因为windows使用较多,所以想在上面装一个pytorch环境进行学习,之前我根据个人笔记本电脑显卡型号已成功安装了显卡驱动和CUDA,安装最新版pytorch(1.9)也可以调用GPU,后面直接拿YOLOX跑了一下,发现问题还是比较多,但所幸都解决了,在这里除了记录一下个人经验,也给大家分享一下踩坑日记,给有兴趣的伙伴减少摸索时间,提高效率。
一、首先是在Win10上成功调用GPU,我的相关软件安装过程参考博客:
https://blog.csdn.net/qq_44442727/article/details/119923070 调用gpu是深度学习需要解决的最基层环境,解决好了底层环境,可以进一步搭建深度学习框架的环境,解决好了这些环境,相关的实验就可以直接进行。 安装好了的验证情况如下:
二、YOLOX环境安装
安装过程参考官网:https://github.com/Megvii-BaseDetection/YOLOX 官方代码如下:
git clone git@github.com:Megvii-BaseDetection/YOLOX.git
cd YOLOX
pip3 install -U pip && pip3 install -r requirements.txt
pip3 install -v -e .
pip3 install cython; pip3 install 'git+https://github.com/cocodataset/cocoapi.git#subdirectory=PythonAPI'
我的安装过程:
我是直接下载的压缩文件,因为windows系统拿来跑网络用的少,有些库和功能包不全,git出问题了,pycocotools也是下载的压缩包,解压缩后的位置如图:
解压缩后就是编译环境,我的命令行:
pip install -r requirements.txt
pip install -v -e .
我的win系统pip3有问题,换成pip可以运行,下载好了压缩包,主要就是环境安装,这两句指令主要是安装一些依赖环境,注意这里有个坑,对我来说是坑,就是第二句编译指令,没事,仍然正常运行,后面可以纠正。 接下来就是yolox和pycocotools的环境编译,分别进入到各自文件夹的setup.py文件位置,分别执行指令:
python setup.py install
这时根据你的环境情况来决定编译情况,如果环境有缺陷,编译就会报各种各样的错,我就在编译这方面耗了不少时间,但是最后总算是成功了。如果你能直接编译成功,那就非常幸运和高效了。我的编译踩坑记录见博客:https://blog.csdn.net/qq_44442727/article/details/119938605 后面,我又发现编译还可以用另一条指令:
python setup.py develop
和 python setup.py install 有一些区别,都可以起到编译效果
install 主要是装一些第三方库,不需要你编辑、修改的库,在这里,pycocotools显然是可以用它的。 develop 是针对你的环境需要进行修改,比如改配置、参数什么的,用这种方式就相当于建立了一种软连接,会即时更新你的修改内容。就相当于,develop是编译大框架的,框架中的配置会有修改需求,而install是大框架中的一个不需要修改的库、包,只需要调用就行。 所以,到这里你就知道了,yolox的setup.py应该用develop编译,而pycocotools应该两种都可以。 同时python setup.py develop 也要和 pip install -v -e . 区分一下,因为在这里就有问题了,我开始使用的pip install -v -e . 使用python setup.py install编译环境通过后,运行代码总出错,可能是yolox用的python setup.py install导致,后面用python setup.py develop 就直接出结果了。所以建议大家少用pip install -v -e . 说不定什么时候就出问题了。 当我用python setup.py install把两个环境编译通过后,运行示例代码,官方预测demo.py代码不能直接跑,还需要简单设置一下,下载已经跑完的模型,我下的是yolox_s.pth,运行代码如下
python tools/demo.py image -n yolox-s -c configs/yolox_s.pth --path assets/dog.jpg --conf 0.25 --nms 0.45 --tsize 640 --save_result --device gpu
还没有运行python setup.py develop的运行结果如下,总是报错:
(pytorch) D:\code\pytorch\YOLOX>python tools/demo.py image -n yolox-s -c configs/yolox_s.pth --path assets/dog.jpg --conf 0.25 --nms 0.45 --tsize 640 --save_result --device [gpu]

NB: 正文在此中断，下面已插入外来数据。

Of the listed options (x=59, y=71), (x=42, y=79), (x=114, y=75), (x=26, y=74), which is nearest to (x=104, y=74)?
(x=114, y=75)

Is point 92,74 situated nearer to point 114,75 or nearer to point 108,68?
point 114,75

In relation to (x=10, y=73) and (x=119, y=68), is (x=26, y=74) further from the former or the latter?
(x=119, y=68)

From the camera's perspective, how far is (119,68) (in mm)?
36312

Traceback (most recent call last):
File "D:\soft\anaconda\envs\pytorch\lib\site-packages\yolox-0.1.0-py3.7-win-amd64.egg\yolox\exp\build.py", line 13, in get_exp_by_file
current_exp = importlib.import_module(os.path.basename(exp_file).split(".")[0])
File "D:\soft\anaconda\envs\pytorch\lib\importlib\__init__.py", line 127, in import_module
return _bootstrap._gcd_import(name[level:], package, level)

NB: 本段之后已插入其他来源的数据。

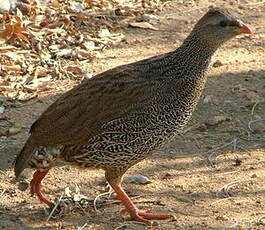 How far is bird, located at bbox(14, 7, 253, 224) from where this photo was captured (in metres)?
6.11

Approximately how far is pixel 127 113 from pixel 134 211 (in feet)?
2.73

File "<frozen importlib._bootstrap>", line 1006, in _gcd_import
File "<frozen importlib._bootstrap>", line 983, in _find_and_load
File "<frozen importlib._bootstrap>", line 965, in _find_and_load_unlocked
ModuleNotFoundError: No module named 'yolox_s'
During handling of the above exception, another exception occurred:
Traceback (most recent call last):
File "tools/demo.py", line 306, in <module>
exp = get_exp(args.exp_file, args.name)
File "D:\soft\anaconda\envs\pytorch\lib\site-packages\yolox-0.1.0-py3.7-win-amd64.egg\yolox\exp\build.py", line 53, in get_exp
return get_exp_by_name(exp_name)
File "D:\soft\anaconda\envs\pytorch\lib\site-packages\yolox-0.1.0-py3.7-win-amd64.egg\yolox\exp\build.py", line 35, in get_exp_by_name
return get_exp_by_file(exp_path)
File "D:\soft\anaconda\envs\pytorch\lib\site-packages\yolox-0.1.0-py3.7-win-amd64.egg\yolox\exp\build.py", line 16, in get_exp_by_file
raise ImportError("{} doesn't contains class named 'Exp'".format(exp_file))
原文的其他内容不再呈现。